Elon Musk, the enigmatic CEO of Tesla, has long been a lightning rod for controversy, often making bold claims that ignite debate across the globe. While his provocative statements might amuse or frustrate onlookers, they take on a far more serious tone when they impact the safety of Tesla’s customers. A recent spotlight has fallen on the Cybertruck, with Musk asserting its bulletproof capabilities—a claim that echoes the same pattern of exaggeration seen with Tesla’s autonomous driving technology. These assertions, paired with a troubling tendency to blur the line between ambition and reality, have raised alarms about the real-world consequences for those who trust Tesla’s promises.

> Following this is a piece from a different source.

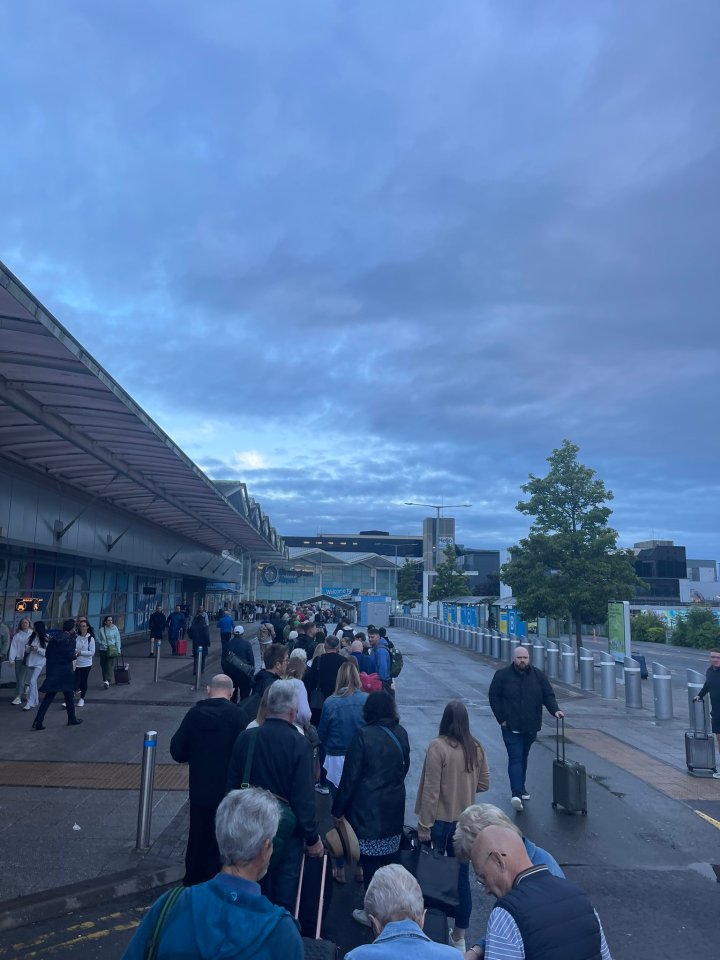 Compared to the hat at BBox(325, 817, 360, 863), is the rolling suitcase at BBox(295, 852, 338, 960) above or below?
below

The saga of Tesla’s self-driving technology offers a stark parallel. In January 2025, Bloomberg uncovered internal messages revealing that Musk personally dictated the disclaimer for a 2016 Autopilot promotional video. The text boldly stated: “The person in the driver’s seat is only there for legal reasons. He is not doing anything. The car is driving itself.” Yet, this was far from accurate. During a trial following the 2018 death of engineer Wei “Walter” Huang, Tesla’s Autopilot director, Ashok Elluswamy, admitted the video was staged, using a pre-mapped 3D route that didn’t reflect the system’s true capabilities—then or now. Huang’s widow sued Tesla, arguing that her husband died because he believed the company’s claims about Autopilot’s autonomy. His Model X, operating on Navigate on Autopilot, crashed fatally on March 23, 2018. Tesla has so far dodged liability in such cases, leaning on fine-print disclaimers that hold drivers accountable for the vehicle’s actions. Still, the company persists in branding its beta-stage driver-assistance systems as “Autopilot” and “Full Self-Driving,” terms that regulators like Jennifer Homendy, chair of the National Transportation Safety Board, have called “misleading and irresponsible.” With at least 19 deaths linked to Autopilot, the stakes couldn’t be higher.

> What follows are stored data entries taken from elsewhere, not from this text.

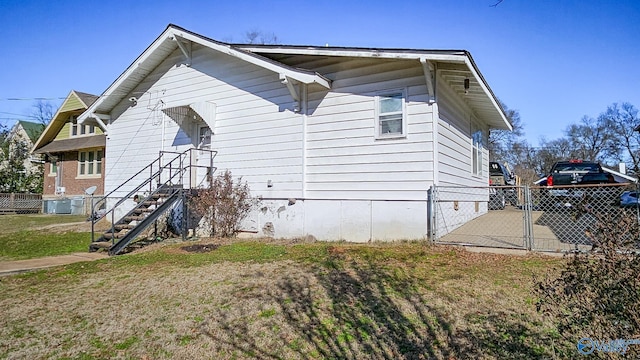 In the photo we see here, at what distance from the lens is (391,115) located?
29.3 feet

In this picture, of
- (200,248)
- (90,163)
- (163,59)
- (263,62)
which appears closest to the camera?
(200,248)

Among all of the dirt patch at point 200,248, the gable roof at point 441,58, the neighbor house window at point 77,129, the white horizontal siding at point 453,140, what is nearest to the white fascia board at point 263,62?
the gable roof at point 441,58

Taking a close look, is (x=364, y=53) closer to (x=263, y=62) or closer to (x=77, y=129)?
(x=263, y=62)

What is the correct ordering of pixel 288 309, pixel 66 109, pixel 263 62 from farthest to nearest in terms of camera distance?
pixel 66 109, pixel 263 62, pixel 288 309

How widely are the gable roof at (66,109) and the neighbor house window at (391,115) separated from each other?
65.1ft

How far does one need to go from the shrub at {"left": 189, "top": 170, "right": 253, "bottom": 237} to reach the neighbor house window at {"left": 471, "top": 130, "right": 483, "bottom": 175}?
7.41 m

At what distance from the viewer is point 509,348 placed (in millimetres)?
3328

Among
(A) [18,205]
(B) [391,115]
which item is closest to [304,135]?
(B) [391,115]

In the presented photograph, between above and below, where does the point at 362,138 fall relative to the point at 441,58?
below

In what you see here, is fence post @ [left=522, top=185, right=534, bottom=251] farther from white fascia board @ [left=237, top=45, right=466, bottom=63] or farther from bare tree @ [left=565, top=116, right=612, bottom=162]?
bare tree @ [left=565, top=116, right=612, bottom=162]

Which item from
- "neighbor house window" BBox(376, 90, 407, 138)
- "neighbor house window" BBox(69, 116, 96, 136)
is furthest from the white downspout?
"neighbor house window" BBox(69, 116, 96, 136)

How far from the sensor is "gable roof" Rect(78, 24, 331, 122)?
369 inches

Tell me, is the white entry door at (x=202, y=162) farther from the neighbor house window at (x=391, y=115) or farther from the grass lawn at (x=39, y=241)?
the neighbor house window at (x=391, y=115)

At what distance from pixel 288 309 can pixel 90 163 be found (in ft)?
75.1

Now, the Cybertruck has emerged as the latest chapter in this troubling narrative. On October 20, 2024, the Tesla Owners of Silicon Valley posted a video showing the vehicle’s driver-side door riddled with bullet holes, prompting Musk to boast on social media: “We emptied the entire drum magazine of a Tommy gun into the driver door Al Capone style. No bullets penetrated into the passenger compartment.” The claim, delivered with Musk’s signature flair, suggested the Cybertruck could withstand gunfire—a tantalizing prospect for buyers envisioning an armored fortress on wheels. However, photos later surfaced of the same battered truck, raising doubts about the test’s legitimacy and the vehicle’s actual resilience. A parody account even doctored an image to depict Musk firing a Barrett rifle at the Cybertruck, a fabrication so plausible it nearly passed as real. This blurring of fact and fiction underscores a recurring issue: Musk’s willingness to let bold assertions stand uncorrected, even when they could mislead customers into dangerous assumptions.

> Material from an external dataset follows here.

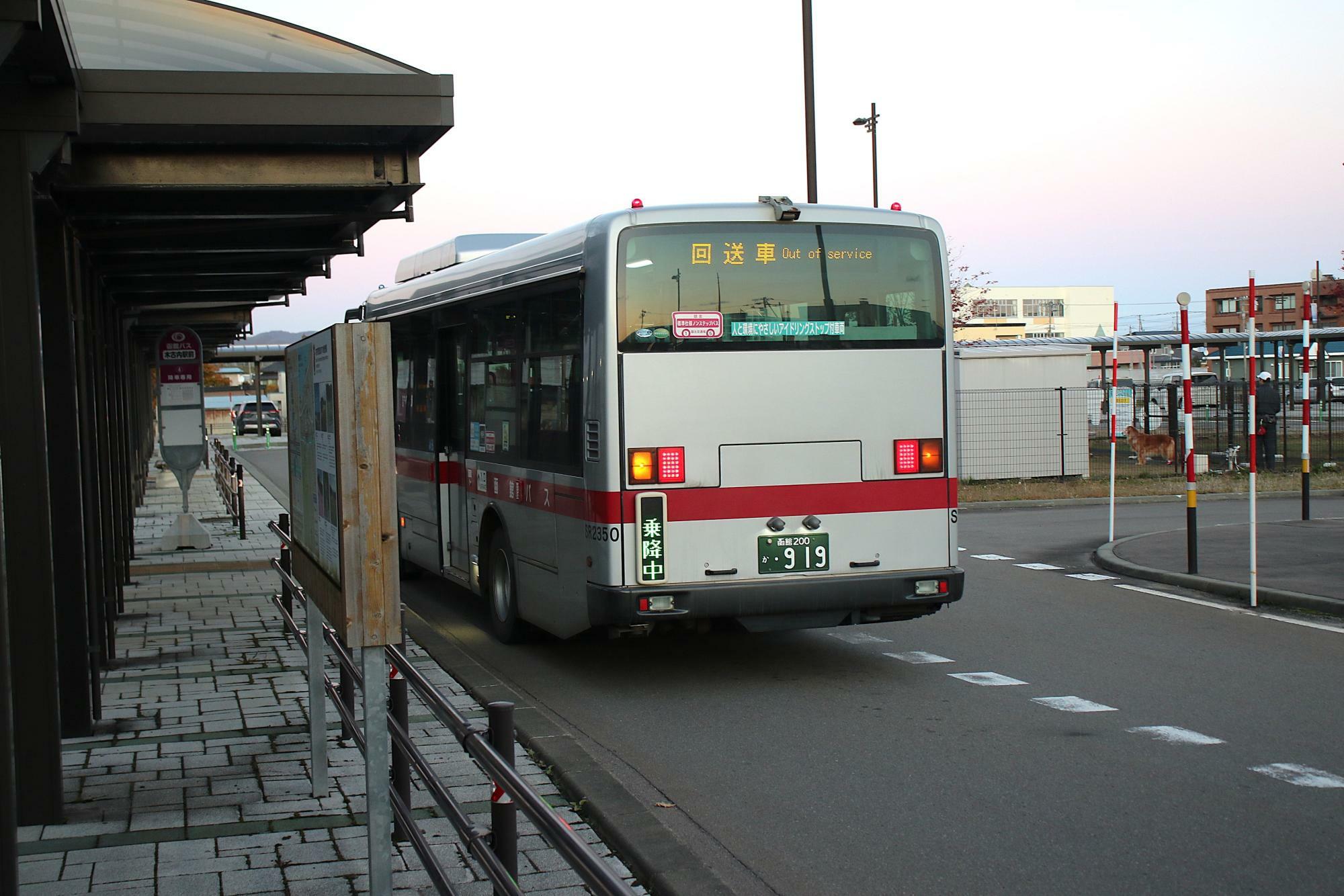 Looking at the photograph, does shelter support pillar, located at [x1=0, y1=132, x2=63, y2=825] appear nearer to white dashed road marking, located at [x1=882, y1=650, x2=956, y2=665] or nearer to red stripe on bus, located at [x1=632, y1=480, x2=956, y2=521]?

The risks of such claims are not hypothetical. Consider the tragic case of João Monteiro de Castro dos Santos, a Brazilian councilman killed in 2004 when his supposedly armored Honda Civic failed to stop rifle bullets during a robbery attempt. Believing in his vehicle’s protection, he instructed his driver to defy armed criminals—a decision that cost him his life when the car’s armor proved inadequate. The Cybertruck’s bulletproof hype could inspire similar misplaced confidence, potentially with graver consequences given Tesla’s high-profile marketing. Unlike certified armored vehicles, which undergo rigorous testing to meet specific ballistic standards, the Cybertruck’s “bulletproof” label appears more theatrical than substantiated. Musk’s casual endorsement of the Tommy gun test—using .45 ACP rounds—offers no clarity on whether the truck could resist more powerful weaponry, leaving buyers to fill in the blanks at their own peril.
Tesla’s history of overpromising isn’t new, but the Cybertruck episode amplifies the pattern. After the gunfire stunt, the damaged prototype wasn’t quietly retired; it was paraded on public roads, fueling speculation and admiration among fans. Musk neither clarified the truck’s limitations nor curbed the narrative that it’s a bulletproof marvel, much like he’s allowed misconceptions about Autopilot and Full Self-Driving to persist. Critics argue this reflects a reckless disregard for customer safety, a stance Tesla counters with legal disclaimers absolving itself of responsibility. Yet, the hypocrisy is glaring: promotional materials flaunt hands-free driving or bullet-riddled doors, while the fine print tells a different story—one buyers only face after tragedy strikes.

As Tesla navigates these controversies, Musk’s bombastic claims continue to captivate and divide. The Cybertruck, once hailed as a groundbreaking design, now risks becoming a symbol of unfulfilled promises—a “grave” Musk himself admitted digging with the project. For customers, the danger lies in believing the hype, whether it’s autonomy that doesn’t exist or armor that won’t hold. Until Tesla aligns its messaging with reality, the line between innovation and deception remains perilously thin, and the cost may be measured in lives lost to misplaced trust.